J’ai déjà cru mourir dix jours plus tôt, à flanc d’une paroi des Tian Shan où je m’étais aventuré avec un montagnard suisse aussi peu équipé que moi, mais autrement expérimenté. Au bord de la chute, j’ai sacrifié mon sac et ma tente : je les ai regardés dévaler trois cents mètres en contrebas, faire d’interminables soleils, s’écraser au fond. La seconde d’après, j’aurais dû les rejoindre. Le Suisse m’a sauvé, en creusant de son bâton des entailles dans la paroi qui nous ont servi de marches.
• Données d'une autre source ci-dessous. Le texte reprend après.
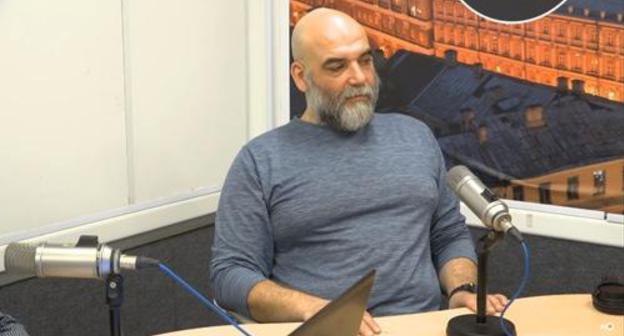 Orkhan Djemal in radio studio. Screenshot from air broadcasting of the 'Echo of Moscow' radio station, https://youtu.be/22T4tM_fOBY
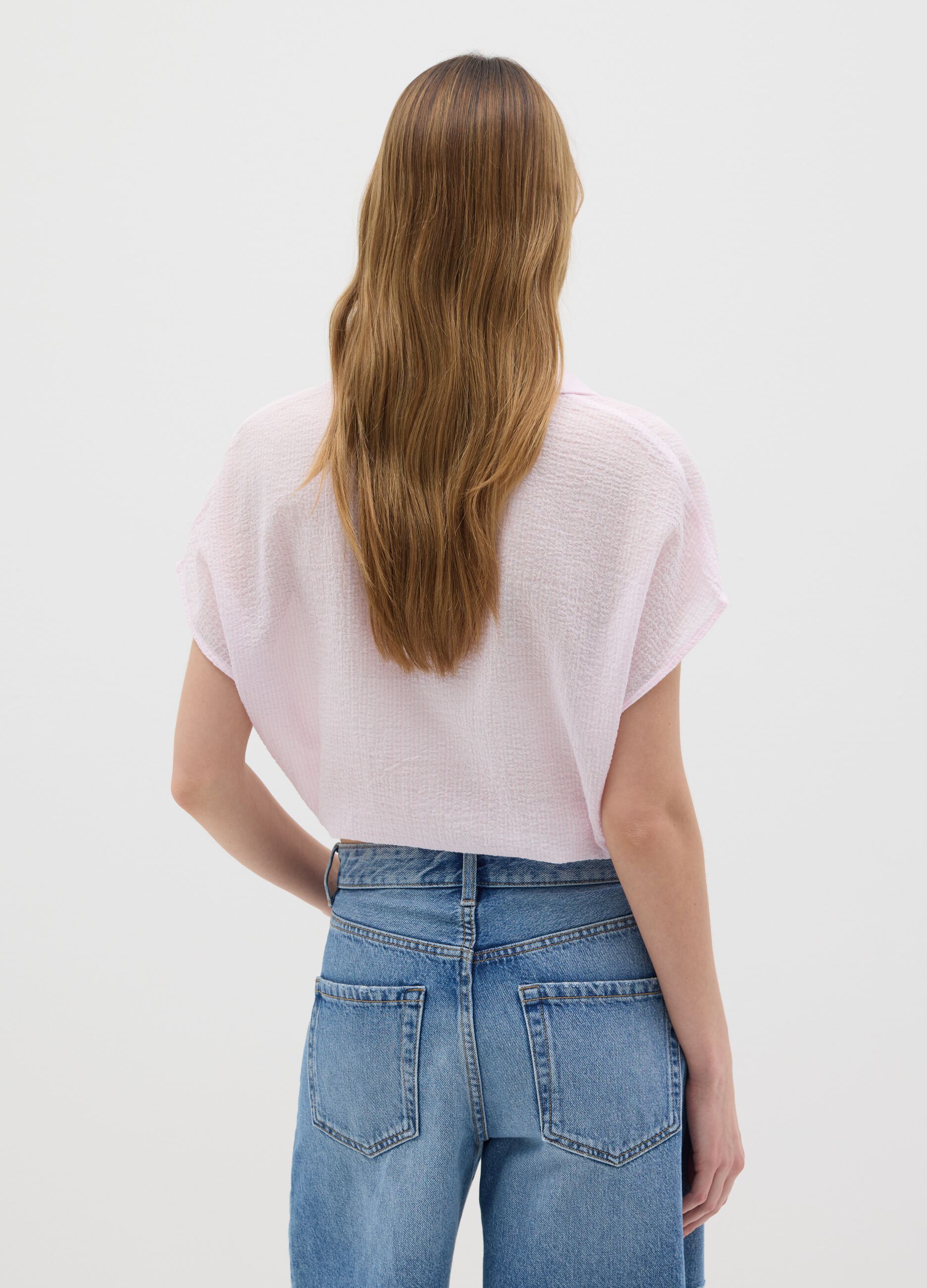 Women’s cropped shirt in pink stretch cotton with regular fit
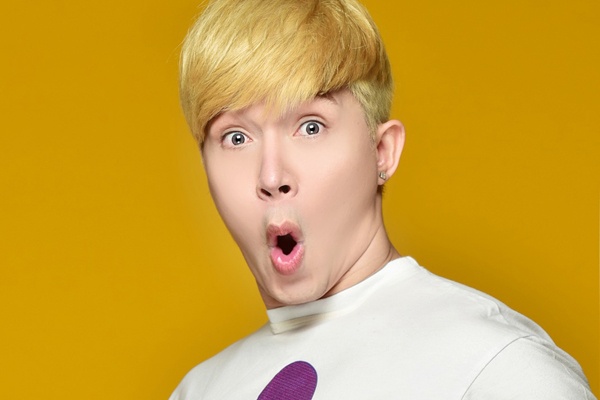 Nathan Lee nhuom toc vang la lam hinh anh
Qu’est-ce que je cherche pendant ce séjour solitaire de deux mois au Kirghizistan ? À quoi je joue ? C’était il y a 20 ans. Souvenirs pêle-mêle des heures qui suivent ce jour-là : le temps qui continue de s’étirer. L’angoisse qui monte. Les heures qui passent, interminables : et rien. Toujours rien. Une ou deux fois je hurle, d’épuisement, de découragement, de peur. Je hurle parmi les montagnes à perte de vue désertes. Je me vide les poumons. Et rien alentour ne bouge. Je suis seul. Je regarde ma boussole en toc et je me dis qu’elle est fausse, que j’ai dû dévier de quelques degrés, un infime écart entre nord magnétique et vrai nord, qui va m’être fatal. Je me rappelle la lumière qui baisse, la douleur au pied qui s’avive, l’angoisse qui monte. Je me rappelle un taureau que je rencontre au creux d’un vallon, lui et moi face à face, sans personne alentour, et je me demande si par-dessus le marché, maintenant, je vais me faire encorner. Surtout je revois la route qui apparaît enfin. Dans un sursaut désespéré, je me suis rué vers le sommet d’un pic qui dominait tous les autres, simplement pour voir. Elle est là, cette fichue route : un très fin ruban, parfaitement rectiligne, à deux bons kilomètres encore devant moi. Ligne de vie, qui me sauve. Plein nord.